Dataset extract:
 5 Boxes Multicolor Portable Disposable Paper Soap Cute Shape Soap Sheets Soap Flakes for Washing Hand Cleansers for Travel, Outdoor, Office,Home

* * *

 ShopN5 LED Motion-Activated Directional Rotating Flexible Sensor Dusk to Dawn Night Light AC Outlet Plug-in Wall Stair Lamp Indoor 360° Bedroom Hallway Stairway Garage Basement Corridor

---

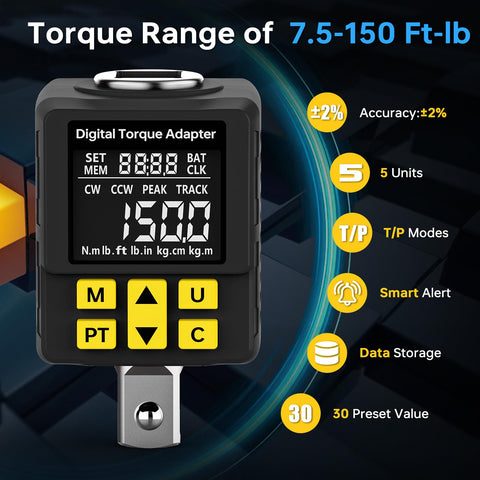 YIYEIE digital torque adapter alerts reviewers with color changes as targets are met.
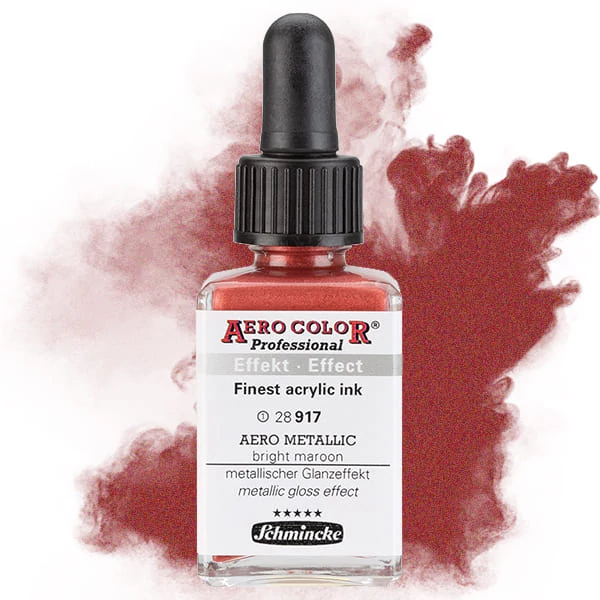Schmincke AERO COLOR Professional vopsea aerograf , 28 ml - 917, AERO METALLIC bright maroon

What you have to do:
Using the records above, return verbatim only the part that opens with the line containing "YIYEIE digital torque" and closes with the line containing "Schmincke AERO COLOR"; pictures stay out.

Task solution:
 YIYEIE digital torque adapter alerts reviewers with color changes as targets are met.
Schmincke AERO COLOR Professional vopsea aerograf , 28 ml - 917, AERO METALLIC bright maroon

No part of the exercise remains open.